The released documents primarily relate to the dealings of the Pinehouse leadership with the Nuclear Waste Management Organization (NWMO), a federally mandated consortium designated “to assume responsibility for the long-term management of Canada’s used nuclear fuel.” In recent years, NWMO has focused on finding a “willing host community” for a radioactive waste depository in more remote, northern regions over the Canadian Shield rock formations whose stability is desired for deep geologic waste storage.
As we’ll see, the correspondence between NWMO and the Village of Pinehouse in northern Saskatchewan sheds important light on the tactics NWMO uses when seeking hosts for Canada’s nuclear waste.
Between 2010 and 2013, NWMO pumped over $471,000 into Pinehouse coffers trying to convince residents that nuclear waste would be the answer to the community’s poverty and associated social problems. On August 12, 2010, the press announced that “Local leaders in Pinehouse are exploring the idea of hosting a nuclear waste storage site.
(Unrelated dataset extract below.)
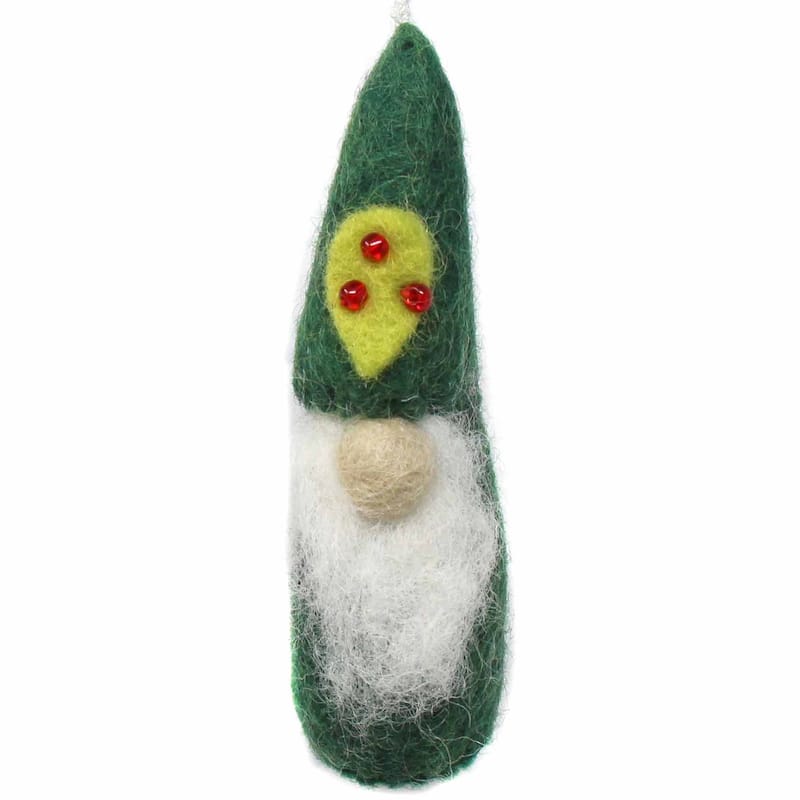 Handmade Felted Wool Christmas Gnome Ornament - Handmade - Green - Wool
Métis Nation–Saskatchewan area director Louis Gardiner was part of a delegation from the community that met with Nuclear Waste Management Organization officials in Toronto earlier this week.”
Five Pinehouse leaders had visited NWMO facilities in Ontario that month, at NWMO expense, to scope out the possibilities. Following discussions among NWMO, the Village, and Kineepik Métis Local Inc., a formal agreement was about to be signed. (Kineepik Métis Local Inc. is a private, non-profit corporation established in 2007, not a registered local of the Métis Nation–Saskatchewan, as its name seems to imply.)
Pinehouse mayor Mike Natomagan addressed the news report a few weeks later, confirming that NWMO was being invited to the village to discuss the idea. As MBC Network Radio reported, the mayor stressed that “the ‘learn more’ opportunity does not commit the village or Métis local to any further steps.”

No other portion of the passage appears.